— Task instructions —
Look through the data below and output, unchanged, every line from the one holding "Ralph Lauren Gold" through the one holding "Zeemey - 6 Sheets", inclusive. Skip the pictures.

— Data for this task —
○ ○ ○ ○

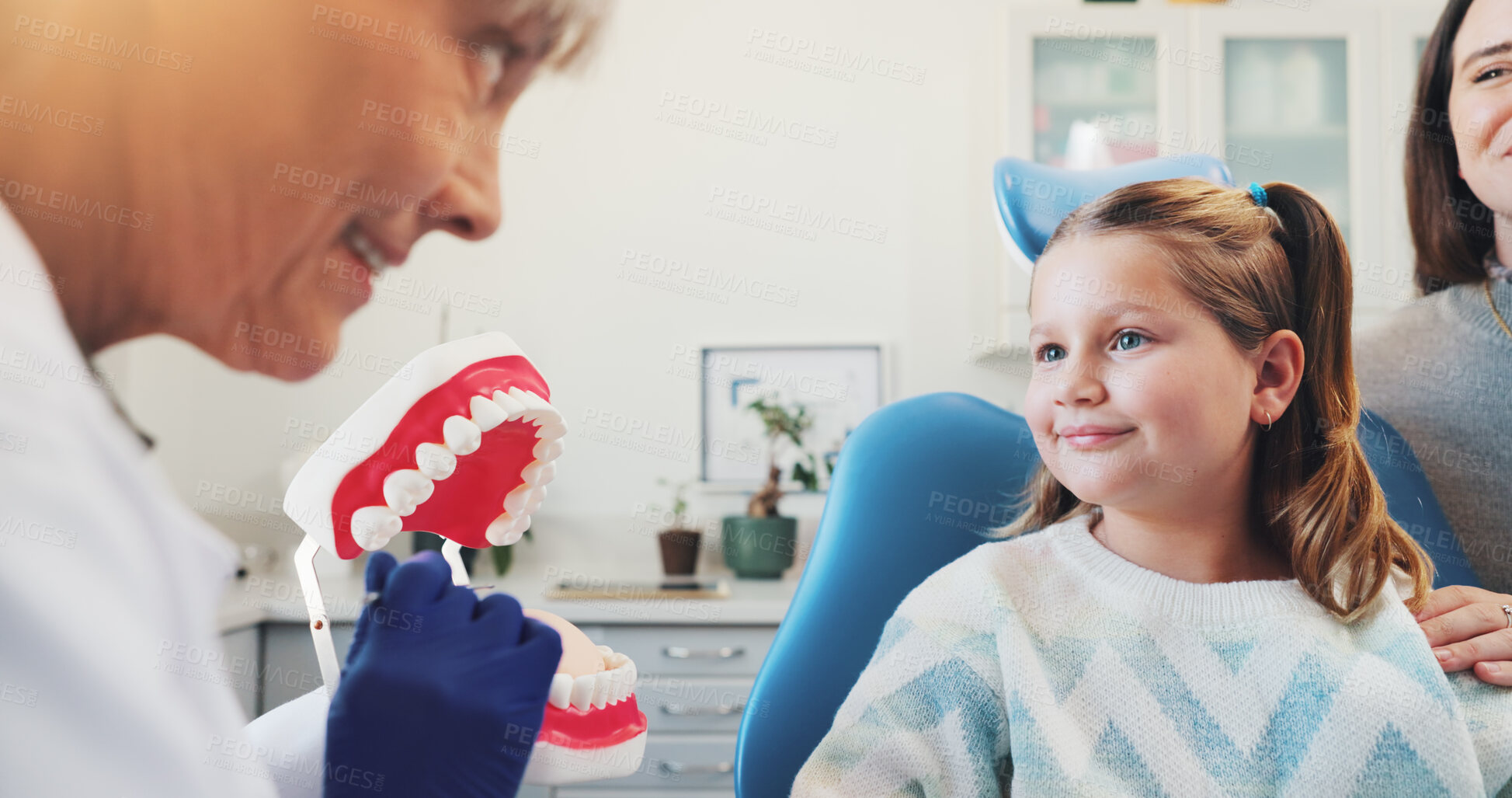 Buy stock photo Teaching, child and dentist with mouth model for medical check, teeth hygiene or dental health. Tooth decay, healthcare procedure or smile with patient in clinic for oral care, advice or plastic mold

○ ○ ○ ○

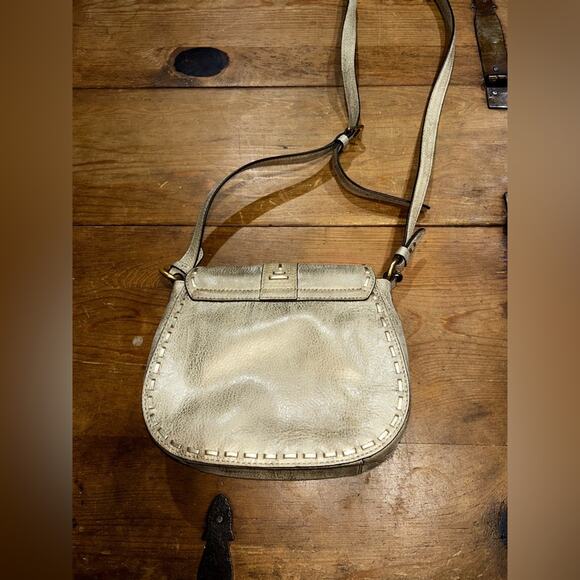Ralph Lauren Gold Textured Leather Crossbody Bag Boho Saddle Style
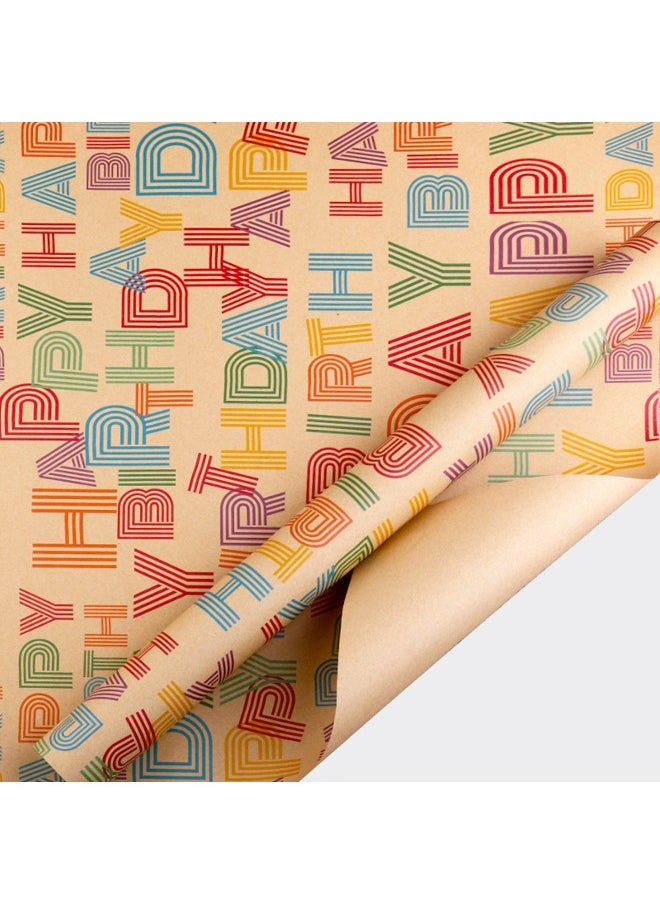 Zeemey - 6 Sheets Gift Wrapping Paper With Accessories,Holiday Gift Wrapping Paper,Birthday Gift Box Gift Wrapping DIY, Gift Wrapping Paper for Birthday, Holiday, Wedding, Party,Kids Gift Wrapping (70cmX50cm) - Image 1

○ ○ ○ ○

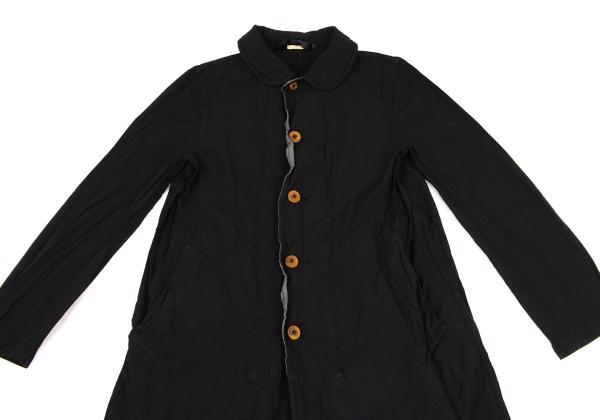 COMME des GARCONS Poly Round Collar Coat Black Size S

○ ○ ○ ○

— Task response —
Ralph Lauren Gold Textured Leather Crossbody Bag Boho Saddle Style
 Zeemey - 6 Sheets Gift Wrapping Paper With Accessories,Holiday Gift Wrapping Paper,Birthday Gift Box Gift Wrapping DIY, Gift Wrapping Paper for Birthday, Holiday, Wedding, Party,Kids Gift Wrapping (70cmX50cm) - Image 1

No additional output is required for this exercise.